Prove: Each set which consists of 2016 natural numbers contains a non-empty set that has a sum divisible by 2016
My attempt: Use the pigeonhole principle. Let $A$ be a set of 2016 natural numbers. I'll split the answer to two different possibilities:
- $A$ contains at least one number which is divisible by 2016. In this case the claim is true.
$A$ does not contain numbers that are divisible by 2016. In this case, we'll apply the pigeonhole principle.

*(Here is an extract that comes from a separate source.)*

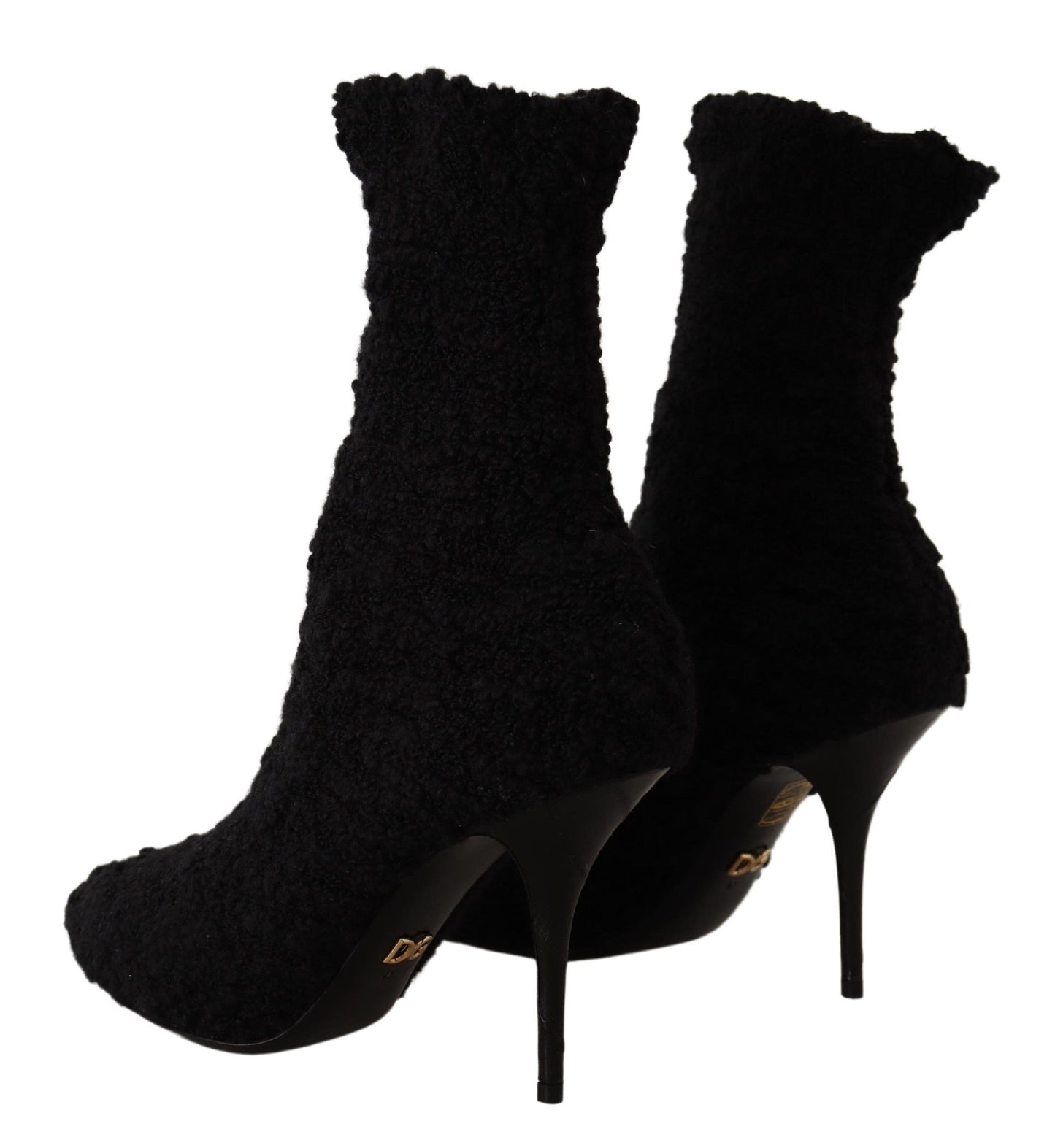 Dolce &amp; Gabbana Bottes noires à talons aiguilles mi-mollet pour femme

- Holes: $\{1,2,3,4,...,2016\}$, A set of all possible remainders when dividing a number (which is not divisible by 2016) by 2016. In total there are 2015 holes.
- Pigeons: 2016 numbers.
Each number will be divided by 2016 and put into the appropriate hole according to the that number's division remainder. By the pigeonhole principle, at least in one hole will be $\lceil \frac{2016}{2015} \rceil$. objects. In this case, the claim is also true.

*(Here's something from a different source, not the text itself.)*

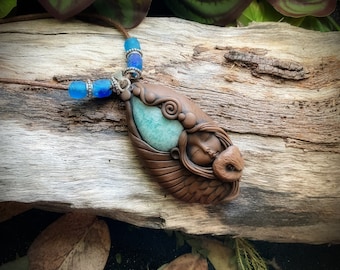 Owl Goddess Necklace. Amazonite Gemstones. Hemp Cotton Cord.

Is my proof sufficient? Can I prove this not using 2 different possibilities, or maybe not using the pigeonhole principle?
Edit: As stated in the comments and in the answers, my proof is false. The proof shows that there exists at least 2 numbers in the set $A$ with a difference divisible by 2016. It does not prove that there is a non-empty set with a sum divisible by 2016.
Label the numbers $a_1, a_2, \dots a_{2016}$ in any order. Now consider the sums:
$$b_1 = a_1$$ $$b_2 = a_1 + a_2$$ $$b_3 = a_1 + a_2 + a_3$$ $$ \cdots$$ $$b_{2016} = a_1 + a_2 + \cdots + a_{2016}$$
Now if any of the $b$'s is divisivle by $2016$ we are done. Otherwise we have $2015$ positive remainders (pigeonholes) and $2016$ numbers (pigeons) so we have that there exist two different numbers $b_i$ and $b_j (i>j)$ s.t. $2016 \mid b_i - b_j = a_{i+1} + a_{i+2} + \cdots + a_j$
So the wanted subset is $\{a_{i+1}, a_{i+2}, \dots, a_j \}$. Hence the proof.
As noted in the comments your proof isn't complete, but also I can't see a way how you can proceed from there.
For your further questions as in my proof we don't need to consider two different cases, but Pigeonhole Principle is required. In general I can't see a proof without Pigeonhole Principle, as simply there are too many cases to be considered.